§ Action item
Your answer must be an exact copy of the records below, minus the pictures.

(Text-to-region grounding data)
-=-=-

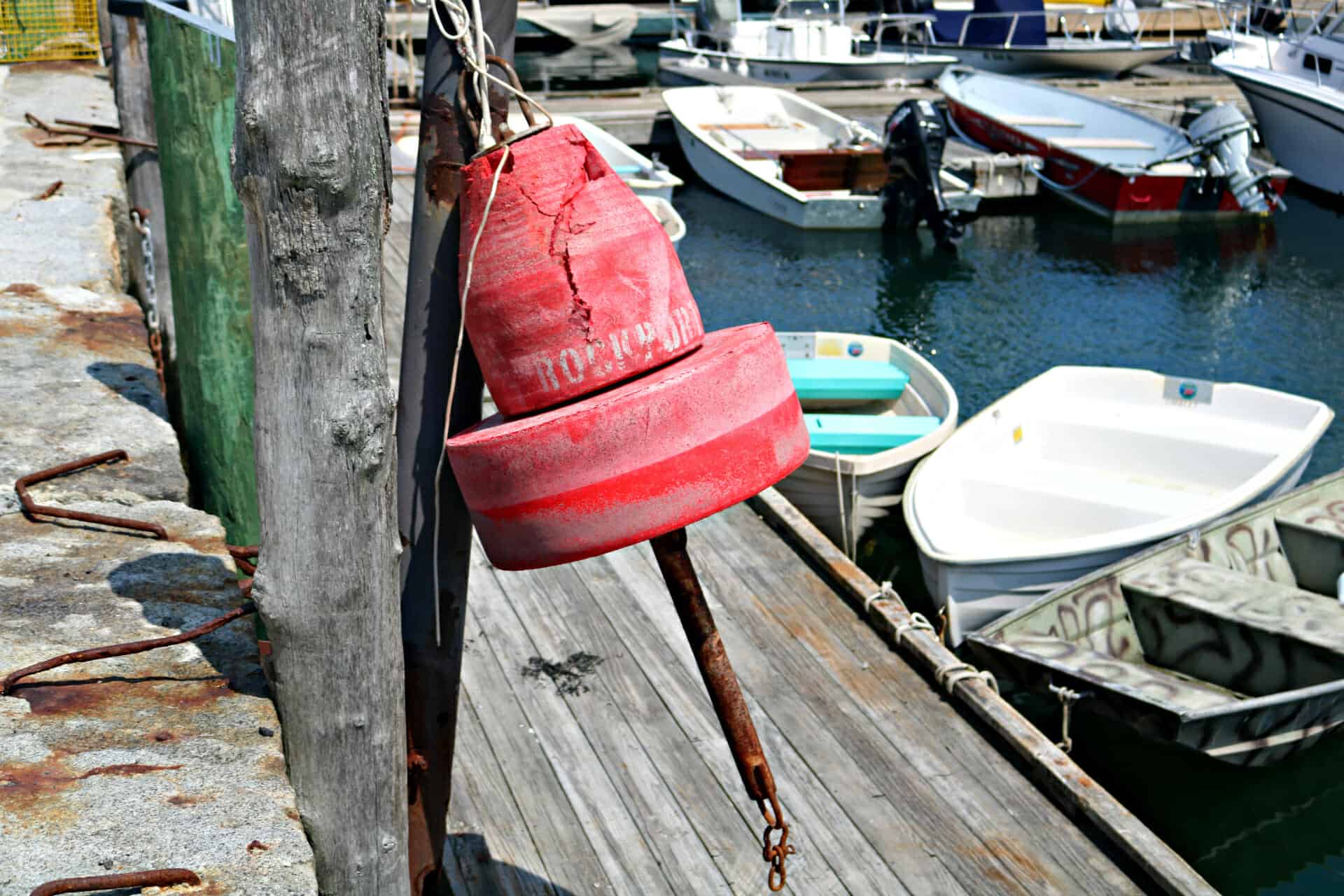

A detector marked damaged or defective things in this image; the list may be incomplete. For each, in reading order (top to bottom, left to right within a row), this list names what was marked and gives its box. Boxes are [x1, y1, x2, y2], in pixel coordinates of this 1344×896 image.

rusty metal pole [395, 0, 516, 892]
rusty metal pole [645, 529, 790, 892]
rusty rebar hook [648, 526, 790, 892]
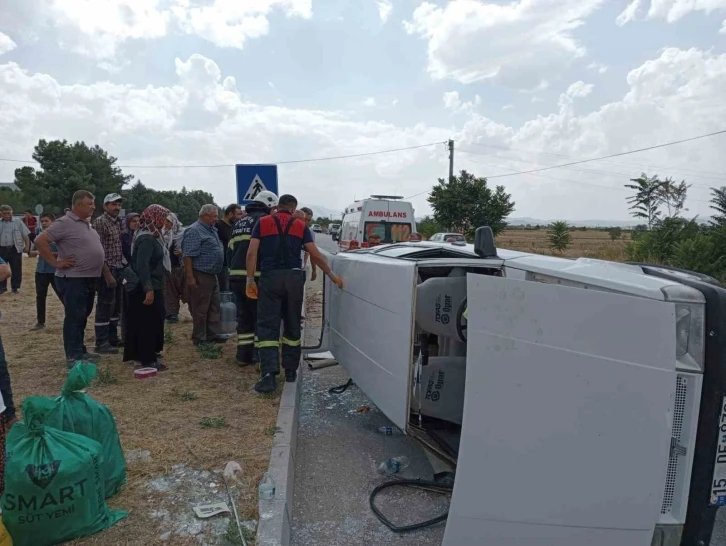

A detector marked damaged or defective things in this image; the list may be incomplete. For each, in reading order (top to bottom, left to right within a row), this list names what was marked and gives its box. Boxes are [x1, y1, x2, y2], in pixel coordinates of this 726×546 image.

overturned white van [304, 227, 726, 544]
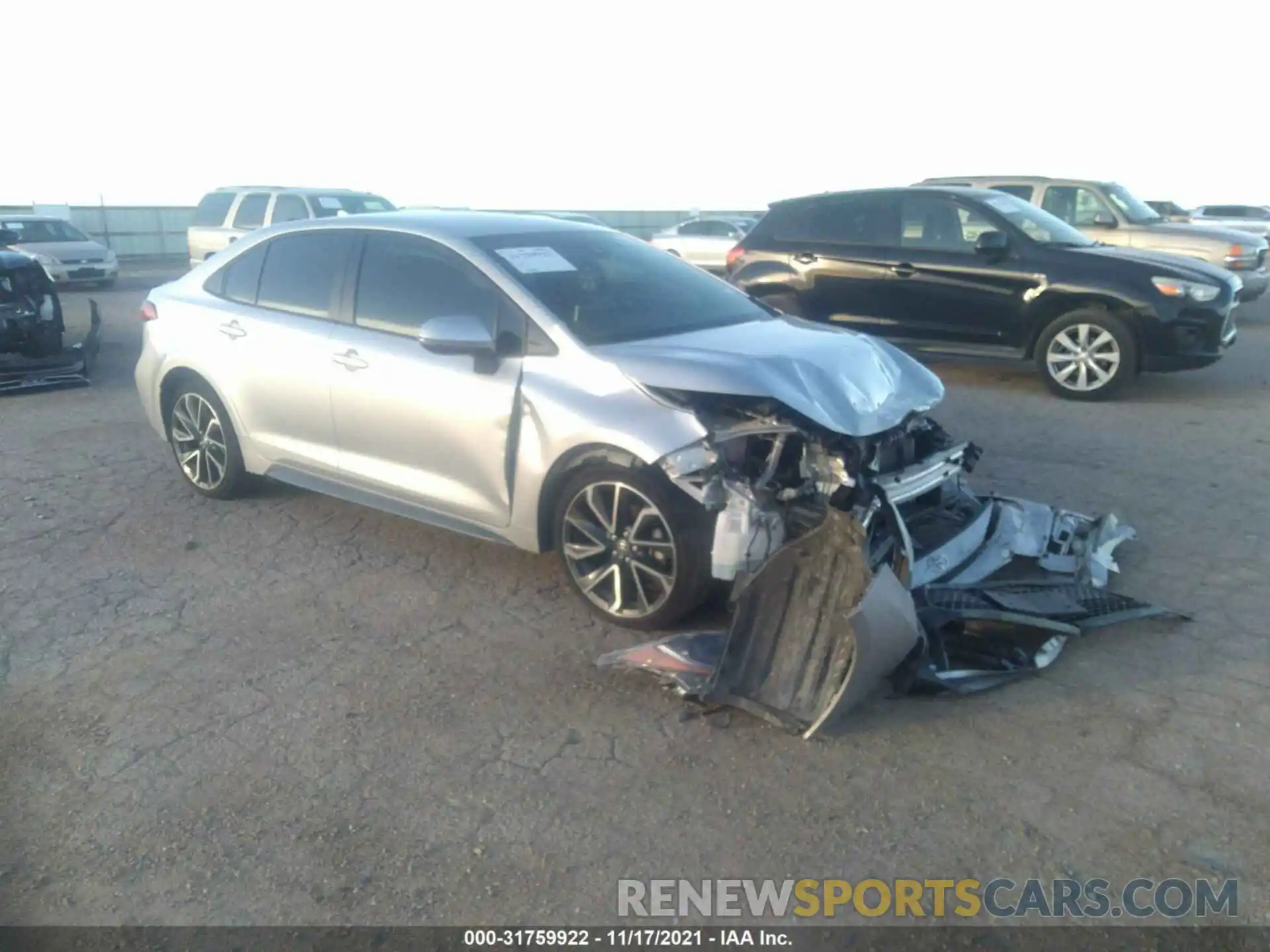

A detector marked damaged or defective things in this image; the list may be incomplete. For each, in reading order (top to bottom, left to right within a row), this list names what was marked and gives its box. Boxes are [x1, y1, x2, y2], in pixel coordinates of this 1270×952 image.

-=-=-

§ Your solution
A detector marked damaged or defective things in this image; the list may be incomplete. For each, in reading order (top to bottom, left to right within a row), this list names what was marked and gives its box. Boxes are [x1, y1, x2, y2], in pixel coordinates of this 1344×896 image.

rusty metal pole [395, 0, 516, 892]
rusty metal pole [645, 529, 790, 892]
rusty rebar hook [648, 526, 790, 892]

A detector marked damaged or defective things in this image; the list may be incomplete. For each, in reading order (top to bottom, left to right within a row), this list names what was marked and gives its box. Boxes are [x1, y1, x2, y2], in pixel coordinates of this 726×546 image.

overturned white van [304, 227, 726, 544]

A detector marked damaged or defective things in this image; the list may be incomplete. For each, in reading order (top to bottom, left to right within a row), this list names what was marked and gives its box. Boxes are [x1, y1, x2, y2], in pixel coordinates of this 1270×952 image.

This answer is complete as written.